Em termos logísticos, esta Comissão apresentaria alguns desafios, uma vez que implicaria um esforço conjunto entre diferentes países. A solução de Almada e Santos passa pela combinação de um esforço bilateral com uma plataforma comum a todos estes Estados: “primeiro, deveriam ser criadas pontes entre Portugal e cada um dos outros países envolvidos, numa lógica bilateral — com a Guiné-Bissau, Cabo Verde, Angola, São Tomé e Príncipe, Moçambique. Depois, por exemplo, poderia criar-se um grupo mais alargado em que estariam representantes de todos estes países para chegar a conclusões mais abrangentes sobre o que foram as colónias portuguesas em África”, explica a historiadora. Desta forma, seria possível identificar as especificidades do colonialismo português em cada território — por exemplo, o Estatuto do Indigenato que apenas se aplicava a certos territórios, a questão do trabalho forçado que predominava em São Tomé e Príncipe, ou o emprego da população no seio da administração colonial portuguesa, como em Cabo Verde — enquanto, em paralelo, se observariam os pontos comuns do colonialismo. À questão de quem devia conduzir esta investigação, a historiadora enaltece a importância de ser “um grupo mais abrangente possível, de diferentes áreas.” Deve incluir cientistas sociais, como historiadores, antropólogos, sociólogos, a psicólogos, juristas e até políticos. “Estamos a lidar com questões que têm de ser vistas de diferentes perspetivas e saberes”, conclui Aurora Almada e Santos. 

Para quando uma Comissão?

No dia 19 de Abril de 2023, a Comissão da História e Memória franco-argelina reuniu pela primeira vez. No ano anterior, Emmanuel Macron tinha anunciado a sua criação, naquele que prometia ser o maior estudo do colonialismo francês na Argélia desde 1830 e a primeira Comissão que abordasse os crimes do colonialismo num esforço conjunto entre um país colonizador e o país colonizado. Também aqui em Portugal, como disse Aurora Almada e Santos, vivemos um momento galvanizador para criar a Comissão da Verdade e Reconciliação do Colonialismo Português — não o desperdicemos. 

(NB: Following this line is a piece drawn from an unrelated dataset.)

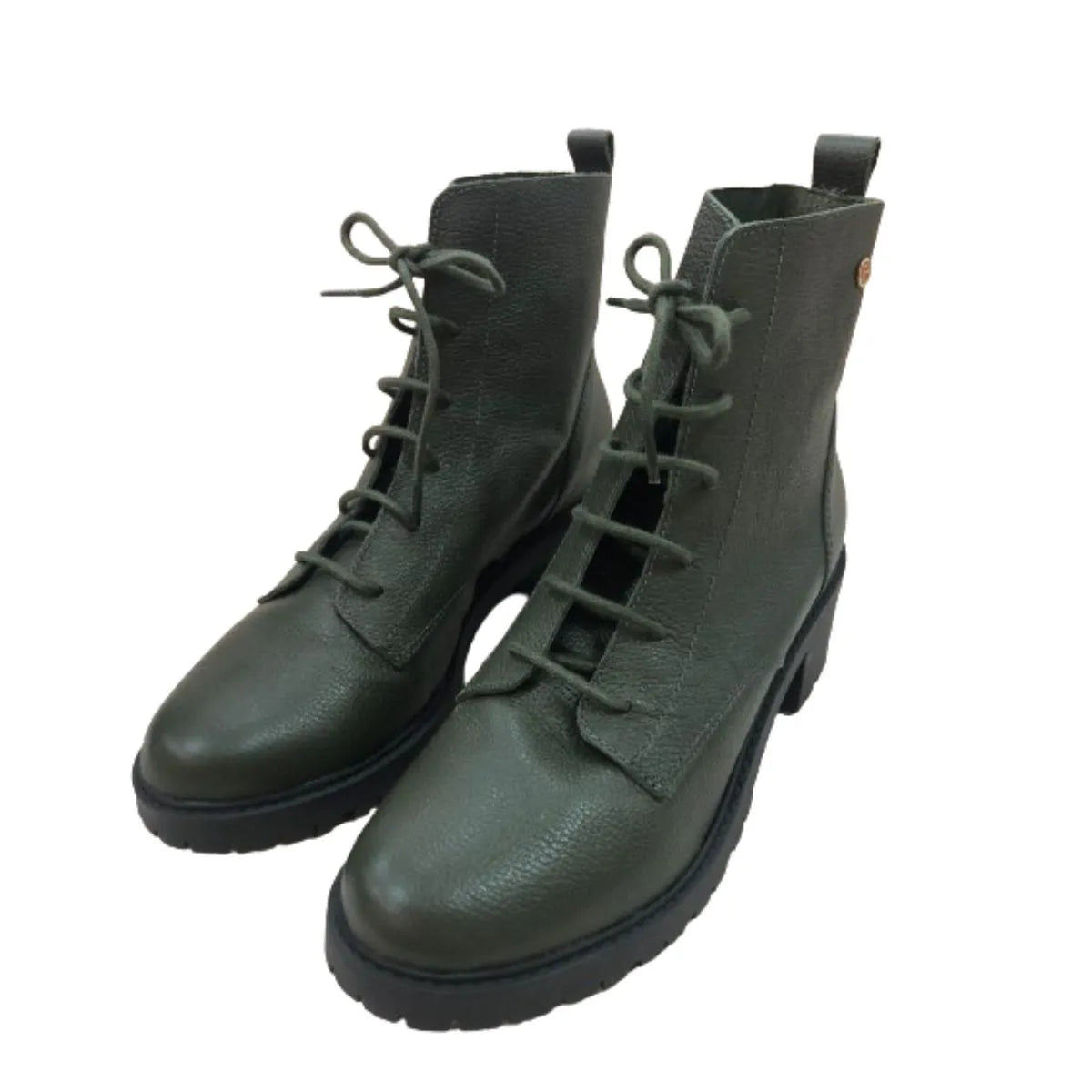 Bota Coturno Cano Curto em Couro com Salto Tratorado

Este ensaio e entrevista são apenas um ponto de partida, uma sugestão para um debate que tem de incluir diferentes atores, diferentes vozes de diferentes países e contextos sociais. Devemos estar conscientes que criar uma Comissão não é, em si, uma poção mágica que cura todos os males da sociedade portuguesa e do seu passado — é urgente criá-la, mas é igualmente importante fazê-la bem. Caso contrário, arriscamos o mesmo desfecho que teve a Comissão franco-argelina, em que são crescentes as queixas de falta de financiamento e de seriedade por parte de França em “desenterrar” o seu passado colonial. Há que organizar esforços para criar a Comissão da Verdade e Reconciliação do Colonialismo Português e evitar os erros de França. Lançar a discussão. Definir o que vai ser estudado e que período será abordado — apenas o século XX, ou a história mais longa do papel dos portugueses na escravatura transatlântica? Estabelecer objetivos definidos. Pressionar os órgãos governamentais. Do que é que estamos à espera?